Opener ‘El Viaje’ -- literally, “the trip” -- is slightly supported by Latin American undertones in its first seconds, but it could also be the title conditioning me to feel so. It's minute and a half -- which allied to the absence of vocals gives you an intro feel -- smoothly transitions into one of the album’s singles, the David Shaw and The Beat collab ‘Waiting For The Stars’. This got instantly stuck in my head from the first spin, as the song’s hook is so unbelievably Pop it almost makes you feel ashamed. Yes, there is a distinctive Depeche Mode aura in the background - probably responsible for its instant familiarity - but the cadence of the central riff is much more European, more dramatic: French Touch always seems to inhabit a tragic profoundness that is hidden by an apparent tonal superficiality.
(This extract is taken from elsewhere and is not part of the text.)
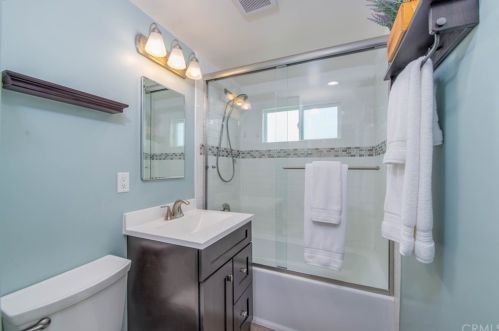 3702 Kingsway Ave, Anaheim CA  92804-4619 exterior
The track is followed by ‘Levitation’, which although not especially inventive in form or modulation works well as a clubbing energiser.
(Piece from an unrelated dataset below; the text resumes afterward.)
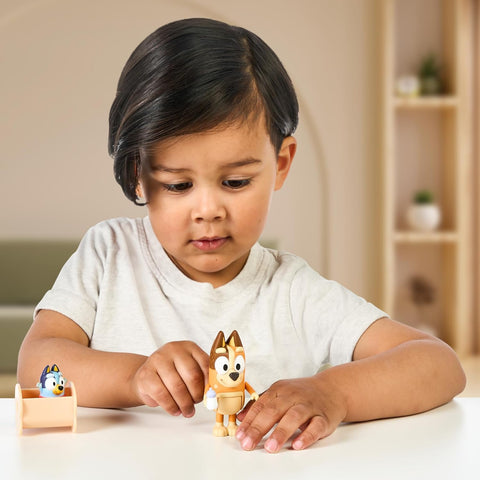 Moose Toys Bluey Baby Race 2 Pack Figures Chilli & Baby Bluey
Voyager is also rich in collabs: besides Mancunian House artist Davis Shaw on ‘Waiting For The Stars’, it also features Miss Kittin on ‘Hans Is Driving’ (whose cool, détaché electronics are vaguely reminiscent of early Kavinski’s) and Mark Kerr (Maestro) on ‘Use It Or Lose It’. Although incredibly powerful conceptually, both tracks are also very subtle in the way they assert themselves within the album’s structure. Contrarily to ‘Waiting For The Stars’, ‘Use It Or Lose It’ is more underground-ish, less hit-oriented, with a discreet class emanating throughout and taking its toll in the verse, where Kerr’s voice goes up an octave.

‘Lightspeed’s riff may sound like a weird take on ‘Funky Town’ at first, but the way it allows a controlled, almost organic evolution of its initial format is both admirable and intriguing. The majestic combination of piano and voice in ‘Eternity’ momentarily transports us to Klaus Nomi’s take of ‘The Cold Song’, while intensely visual orchestrations operate in the background; suddenly the song changes and synths invade, lifting us from the ground and filling in the blanks, like a coda of a goodbye.
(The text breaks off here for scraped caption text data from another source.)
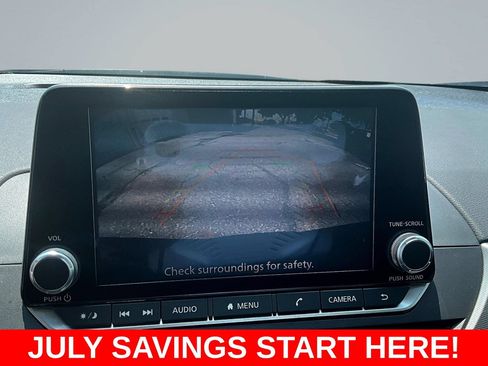 Used 2024 Nissan Altima 2.5 SR FWD image 18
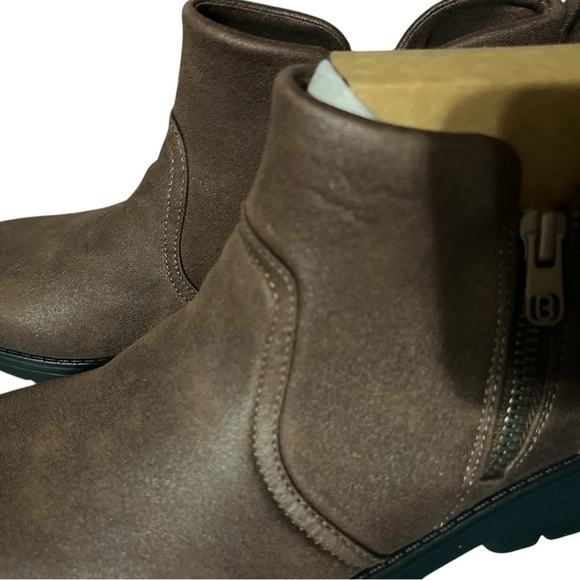 Bzees Bliss Bootie - Picture 4 of 8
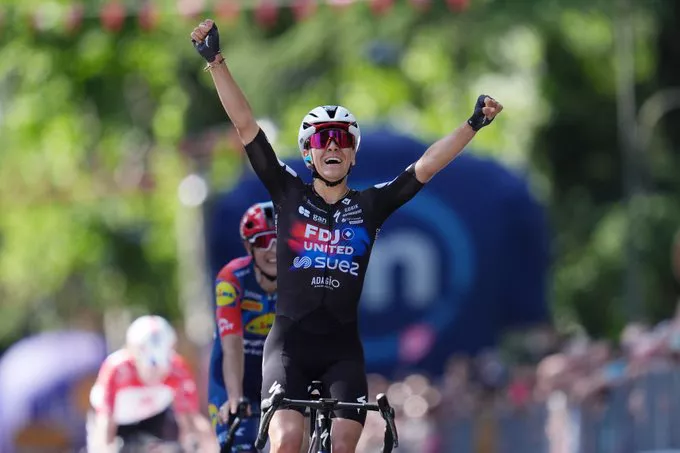 Célia Gery se impone al sprint en la séptima etapa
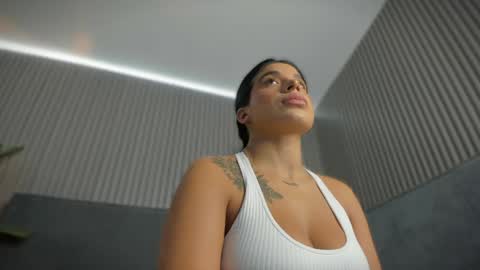 emelie_89 online show from April 20, 11:35 am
‘Nozomi’ is my absolute favourite track of Voyager, an intricate construction whose faux-delayed cadence evokes the hypnotic layers of La Femme’s ‘Sphinx’. The reason that I immediately connected to the track is because it is built around a paradox: in spite of being initially unimpressive and admittedly bringing nothing new, something suddenly changes in its structure which causes an unexpected turn. By altering the ordinary only in almost unnoticeable ways, ‘Nozomi’ evokes identifiable insanity and at the same time it allows a loss of purpose in its own self.

‘Sweet Cigarette’ - an intense yet rather uninventive ode to the pleasures of smoking - precedes the closer: ‘Don’t Leave Me Now’ is an impromptu cover of the Supertramp classic from their 1982 LP ...Famous Last Words, and although properly minimalist in a very striped-down synth way, is probably my least favourite track. It’s a shame since the closer often carries the most weight regarding the aftertaste.

All in all, Voyager is both a pleasant surprise and an addiction: I listened to it at least five times in a row, which I believe is one of the greatest compliments one can pay to an album. Sure, I’m a fan of all kinds of disco (italo, euro, space, you name it) and consider myself to be a sucker for a nice dry, insistent beat, but I also like my get-down to be melodic. Voyager compiles all the above, and although it brings nothing exceptionally new to the world of electronica, it is definitely worth your time.